Welcome to the Physics Derivation Graph

a differnet approach to generating content for the Physics Derivation Graph

Published 2018-07-21T00:41:00Z by Physics Derivation Graph

Wikipedia

Side note

Between any two adjacent expressions in your data set, there are likely a bunch of missing steps.

Suppose all the expressions were present. Even in that situation, the inference rules are missing. Filling in these is a big challenge.

To address these challenges, text analysis would be useful. Suppose the sequence is

text1
expression1
text2
expression2
text3
expression3
text4

There are a few distinct categories of text to analyze:

s1 = the last two sentences in "text1" proceeding "expression1"
s(i) = if text2 and text3 are short (ie a few sentences), then they are potential inference rules
s(j) = if text2 and text3 are longer than a few sentences, then probably the two sentences following an expression and the two sentences proceeding an expression are relevant
sf = the first two sentences of the "text4" which is text after the last expression.

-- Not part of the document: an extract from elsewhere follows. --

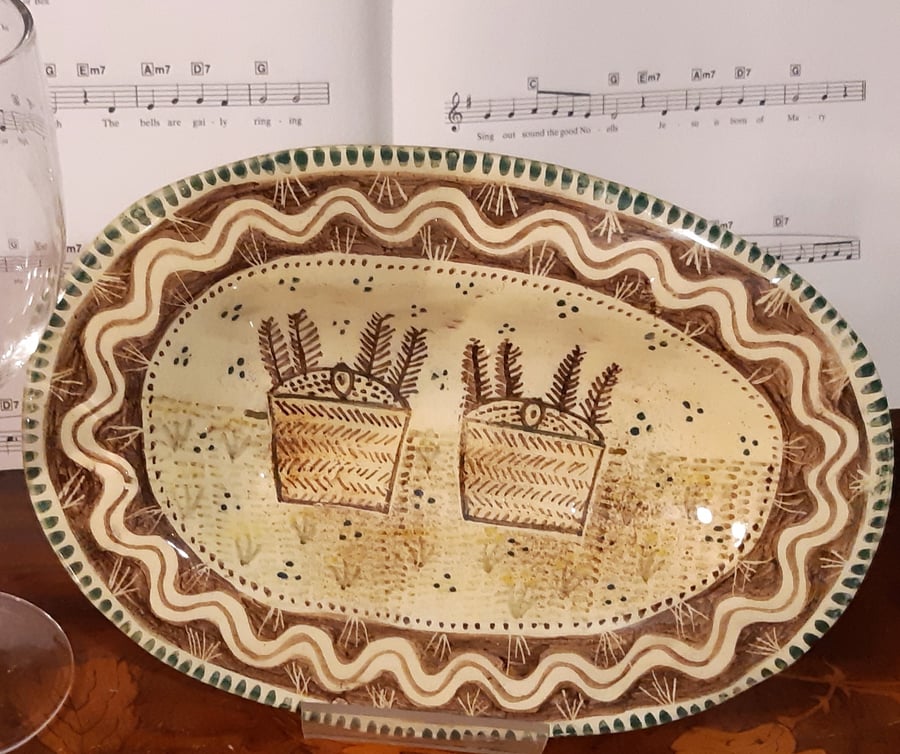 Oval dish with Aztec Design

We now have 1000 instances of "s1" sentences. In this "s1" data set, what's the most common word? What's the most common two word phrase? What's the most common three word phrase? If there are things that look like inference rules, that would be interesting. I doubt that "declare initial expression" will appear, but some consistency would be validating.

Similarly, run the same word and phrase frequency analysis for the 1000 "sf" sentences. Also apply to each of "s(i)" and "s(j)."